Avant demain
Les philosophes continentaux ont-ils aujourd'hui rompu avec Kant ? Se sont-ils finalement rangés au darwinisme mental des cognitivistes ou au totalitarisme mathématique des « réalistes spéculatifs » ? Une attaque radicale des structures de la connaissance supposées inébranlables depuis la Critique de la raison pure est bel et bien à l'œuvre. Arbitraire, la synthèse a priori, discutable, la finitude de la connaissance, improbable, la nécessité des lois de la nature établie sur la seule corrélation du sujet et de l'objet. Abandonner le transcendantal : tel semble être devenu le mot d'ordre de la pensée postcritique du XXIe siècle.

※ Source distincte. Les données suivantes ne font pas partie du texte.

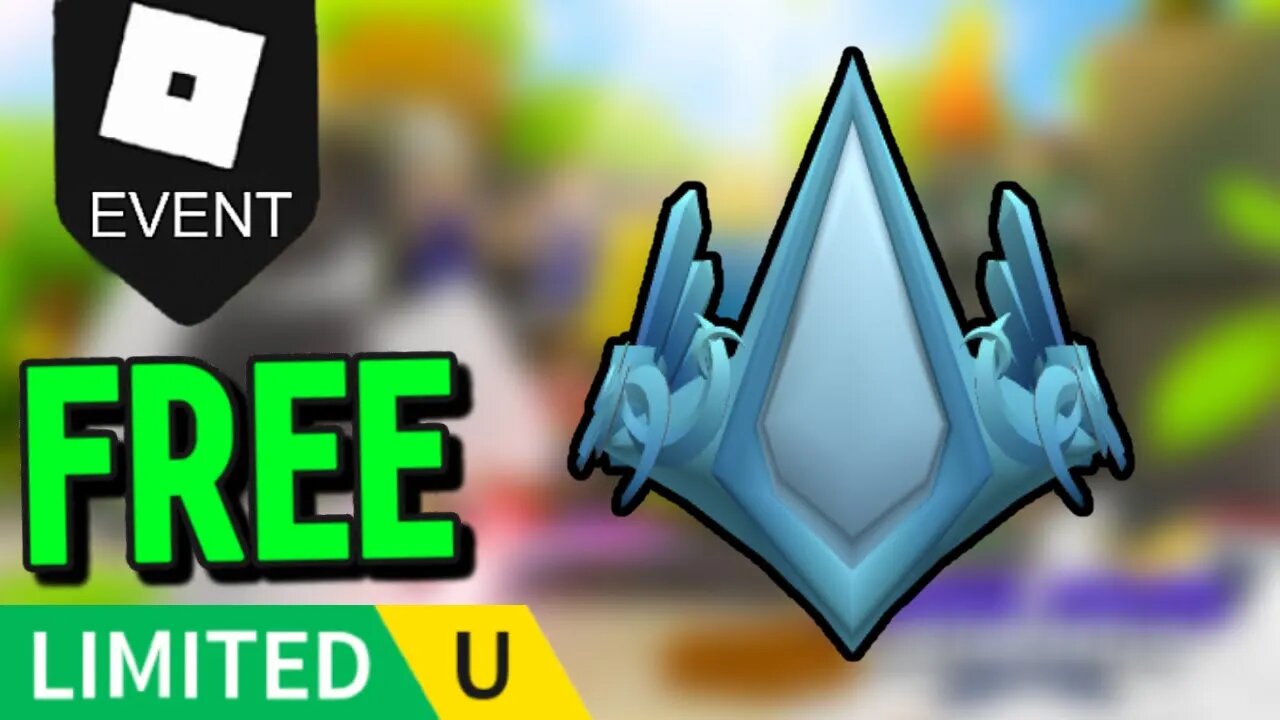 How To Get Diamond Valk in Merge Anime Legends Simulator (ROBLOX FREE LIMITED UGC ITEMS)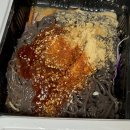 황영희보쌈 | 화곡 보쌈 맛집 추천 드디어 진짜를 찾아버렸다 황영희 보쌈 후회 없는 선택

Des questions que l'on ne croyait plus possible de poser ressurgissent avec une vigueur renouvelée : Kant peut-il vraiment soutenir la différence entre a priori et inné, déduire les catégories et non les imposer, cesser de nier la contingence qui fait vaciller l'édifice de la raison ?
Dans le mouvement d'une analyse précise et singulière, Catherine Malabou élabore les réponses de Kant à sa postérité. En inscrivant l'épigenèse au cœur de la raison, Kant peut parfaitement soutenir le dialogue avec les scientifiques contemporains. Sa pensée de la contingence se révèle beaucoup plus radicale que celle qui, affirmant que le monde peut changer à tout moment, n'y change finalement rien. Sans revenir aux vieilles lectures et au-delà de tout débat stérile entre idéalisme et réalisme, Avant demain soutient l'hypothèse d'un transcendantal transformé, vivant, annonciateur d'un nouveau temps.